If you were one of the 110 million people parked in front of the TV Sunday night to watch the New England Patriots play against the New York Giants in Super Bowl XLVI, then you have a lot to discuss with your coworkers on Monday. The post-Super Bowl buzz is usually 10% game plays and 90% commercials. Why are they so memorable? Why so noteworthy and why always the center of attention the day after the big game?
Some people admittedly watch only for the commercials; in fact 37% do, according to a recent Harris survey. So how do advertisers tap into this magic cauldron of attention all year long? Deliver entertaining content.
Year after year, the Super Bowl has become the ultimate marriage of marketing and entertainment. It’s a contest to see which advertiser goes over the top just the right amount to catch everyone’s attention and lasting buzz – without overdoing it. (Remember the Groupon ads that drew backlash last year?)
But even the commercials themselves aren’t enough.
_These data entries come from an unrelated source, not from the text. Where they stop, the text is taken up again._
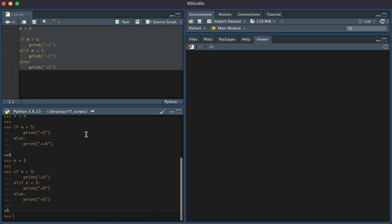And so if we execute this, we see that it in fact prints that n is equal to five. This has been a video on conditional statements in Python. Thanks for watching.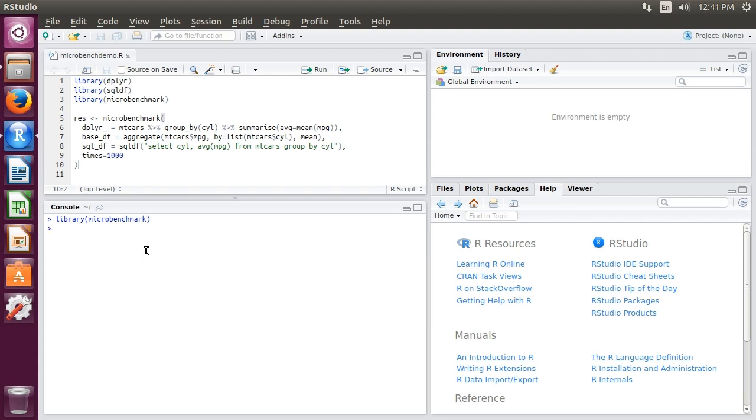I'm going to create a variable x for our example. Suppose I wanted to multiply x by 32 - I could just do x times 32 and get the result.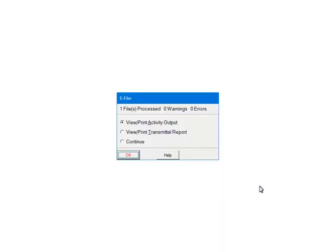If there are warnings or errors, please view or print the activity output. This report will list the warnings, errors, and their record numbers so that the issues can be corrected. You may also view or print the transmittal report for the file location and name, which is needed when uploading. Select Continue and click Quit.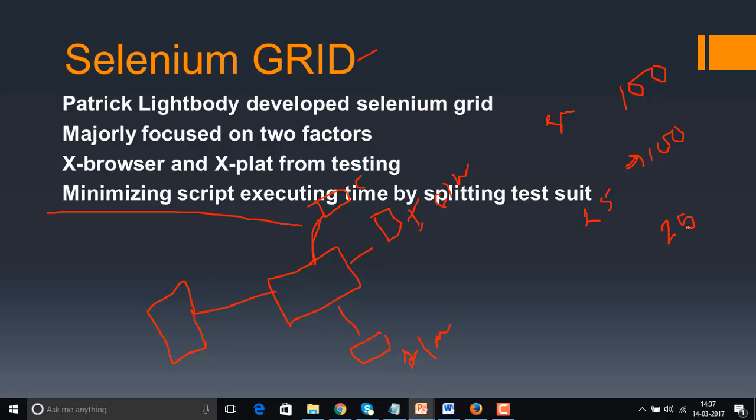Installation is not the proper word for Selenium — it's actually a configuration. Selenium is an interface, it's an API that needs to be configured with Eclipse. Unlike QTP, which has an executable file you download and run, Selenium consists of jar files. There are three activities in Selenium configuration, and as you go further into the subject, you'll understand why we don't call it installation.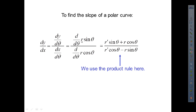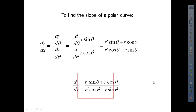Using the product rule on r·sinθ and r·cosθ, we get: dy/dθ is the first times the derivative of the second plus the second times the derivative of the first. And for the denominator, dx/dθ, the derivative of cosine gives negative sine — that's where the minus sign comes from. That is the equation we need to remember for the slope of a polar curve.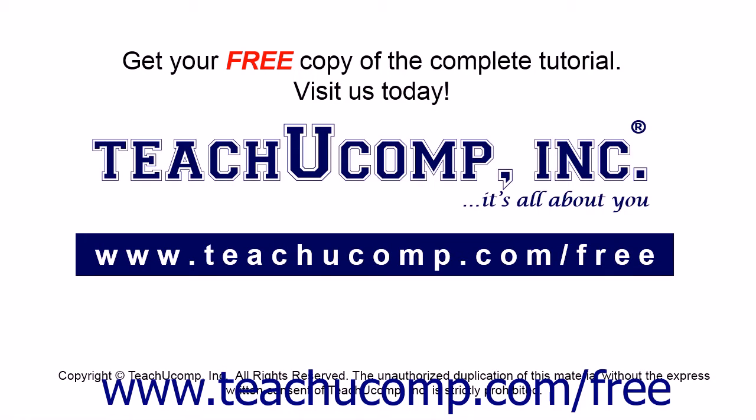Get your free copy of the complete tutorial at www.teachucomp.com/free.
With some 70 spots airing during the game this year, the competition for attention is fierce. In fact, the advertisers who play it straight and focus only on the air time they have during the game are losing out on the biggest win of all: consumer engagement.
It’s no longer enough to create a funny, irreverent or controversial commercial. The Holy Grail now is to get people engaging with your content elsewhere, too, by participating in Facebook promotions and sharing content with their networks, for instance. How many of you used Pandora to unlock content from ads? I was shocked that, according to Altimeter, only a mere 16% of ads had a social media aspect.
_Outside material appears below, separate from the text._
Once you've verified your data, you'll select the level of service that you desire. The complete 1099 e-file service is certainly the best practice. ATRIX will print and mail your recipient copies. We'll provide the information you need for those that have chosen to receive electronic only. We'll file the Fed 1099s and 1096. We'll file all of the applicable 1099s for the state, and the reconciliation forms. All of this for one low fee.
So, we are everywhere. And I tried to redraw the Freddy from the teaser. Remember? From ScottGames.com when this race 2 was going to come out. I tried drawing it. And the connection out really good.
You could argue that people are about as engaged as you could ask for during Super Bowl commercials, but the truth is that this is just the tip of the iceberg. The 20 seconds or so on air between plays is the hook, the starting point. The real wins come from creating a campaign around your spot that is highly entertaining.
Several years ago, I was part of a team that created a Super Bowl commercial that went on to win a Cannes Cyber Lion, London International Award and the Yahoo Purple Chair Award. What was so engaging about this commercial was the “real life” component and buzz that grew out of the commercial during and consistently over the next week.
It was the McDonald’s Lincoln Fry commercial. We shot it in a “mockumentary” à la “Spinal Tap” and “Best in Show,” and a style that featured interviews with people who obsess over finding average objects in the shape of famous things (as in real life), such as a grilled cheese sandwich with the image of the Virgin Mary. Our interview subjects were in a heated search for this French fry in the shape of Abraham Lincoln.
During the commercial, we stated that the “Lincoln Fry” was up for auction. During the game, we saw the auction bids go through the roof. The auction ended a week later on Lincoln’s birthday. The Lincoln Fry, a plastic French fry shaped to have Lincoln’s profile sold for $75,100 a week later. The attention leading up the auction generated all sorts of earned media. Jimmy Kimmel even made a joke about it in his opening late-night monologue, assonating the Lincoln Fry, dousing it in ketchup and calling it, “The most delicious national tragedy.”
In advertising, engagement is a tough nut to crack. That’s why I’ve always turned to the entertainment industry for ideas and inspiration. Smart brands have learned a lot from Hollywood about how to be engaging and entertaining, and how to create episodic marketing and advertising campaigns that draw from both real life and from movies and TV (which these days resembles real life more and more).
Whether your team lost or won this past Sunday, think about which commercials entertained you the most and why. Examine what brands like GE, Toyota and Chevrolet did to extend the life of their spots outside of the TV screen and into the hearts and minds of consumers. This is what engagement is all about.